■ **Task statement**
Write out exactly the lines from the first line of the records below through the line that contains "Smart Metering Gateway", and stop there.

(Exercise data Opens)

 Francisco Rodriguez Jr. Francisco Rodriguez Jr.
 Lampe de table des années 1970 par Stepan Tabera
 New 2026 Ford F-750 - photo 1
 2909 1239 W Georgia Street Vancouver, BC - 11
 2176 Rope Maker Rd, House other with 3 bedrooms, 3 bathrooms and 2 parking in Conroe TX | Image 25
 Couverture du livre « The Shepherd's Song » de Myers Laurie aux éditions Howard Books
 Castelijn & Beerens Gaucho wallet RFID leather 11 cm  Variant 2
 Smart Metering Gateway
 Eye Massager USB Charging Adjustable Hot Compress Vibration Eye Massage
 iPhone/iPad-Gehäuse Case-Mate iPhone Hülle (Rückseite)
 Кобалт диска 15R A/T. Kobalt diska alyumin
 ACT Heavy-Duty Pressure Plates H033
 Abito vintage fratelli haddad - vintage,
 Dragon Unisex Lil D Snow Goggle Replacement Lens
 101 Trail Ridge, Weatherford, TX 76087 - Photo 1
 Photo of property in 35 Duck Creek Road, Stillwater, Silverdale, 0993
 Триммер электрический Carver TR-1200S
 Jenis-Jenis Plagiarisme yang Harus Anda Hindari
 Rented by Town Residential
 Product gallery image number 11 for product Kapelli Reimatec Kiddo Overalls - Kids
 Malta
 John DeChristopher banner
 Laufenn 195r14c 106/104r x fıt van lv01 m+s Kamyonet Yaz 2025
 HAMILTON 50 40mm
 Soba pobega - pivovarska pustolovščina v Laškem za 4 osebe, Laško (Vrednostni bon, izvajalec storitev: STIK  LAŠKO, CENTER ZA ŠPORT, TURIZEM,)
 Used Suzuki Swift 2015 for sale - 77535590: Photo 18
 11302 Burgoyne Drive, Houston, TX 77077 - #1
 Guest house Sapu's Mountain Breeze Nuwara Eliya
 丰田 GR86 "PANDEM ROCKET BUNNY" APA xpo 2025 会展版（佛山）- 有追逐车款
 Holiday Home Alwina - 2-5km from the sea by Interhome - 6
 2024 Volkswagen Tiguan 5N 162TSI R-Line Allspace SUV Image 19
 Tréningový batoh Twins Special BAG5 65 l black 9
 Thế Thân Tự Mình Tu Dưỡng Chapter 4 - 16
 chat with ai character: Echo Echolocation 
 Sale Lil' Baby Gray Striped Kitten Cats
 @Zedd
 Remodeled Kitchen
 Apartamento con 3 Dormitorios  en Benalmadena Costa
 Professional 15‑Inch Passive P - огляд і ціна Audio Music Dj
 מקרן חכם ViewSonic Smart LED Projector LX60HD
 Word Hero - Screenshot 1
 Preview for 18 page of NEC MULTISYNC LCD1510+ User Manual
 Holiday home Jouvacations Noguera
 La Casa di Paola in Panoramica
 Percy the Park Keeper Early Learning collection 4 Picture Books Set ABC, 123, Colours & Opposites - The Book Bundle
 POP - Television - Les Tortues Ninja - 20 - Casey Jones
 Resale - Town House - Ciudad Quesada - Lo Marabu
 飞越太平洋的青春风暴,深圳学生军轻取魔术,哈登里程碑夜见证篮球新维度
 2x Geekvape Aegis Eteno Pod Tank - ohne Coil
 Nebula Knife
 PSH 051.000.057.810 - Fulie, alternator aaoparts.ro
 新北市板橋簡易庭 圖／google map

(Exercise data Closes)

■ **Written answer**
 Francisco Rodriguez Jr. Francisco Rodriguez Jr.
 Lampe de table des années 1970 par Stepan Tabera
 New 2026 Ford F-750 - photo 1
 2909 1239 W Georgia Street Vancouver, BC - 11
 2176 Rope Maker Rd, House other with 3 bedrooms, 3 bathrooms and 2 parking in Conroe TX | Image 25
 Couverture du livre « The Shepherd's Song » de Myers Laurie aux éditions Howard Books
 Castelijn & Beerens Gaucho wallet RFID leather 11 cm  Variant 2
 Smart Metering Gateway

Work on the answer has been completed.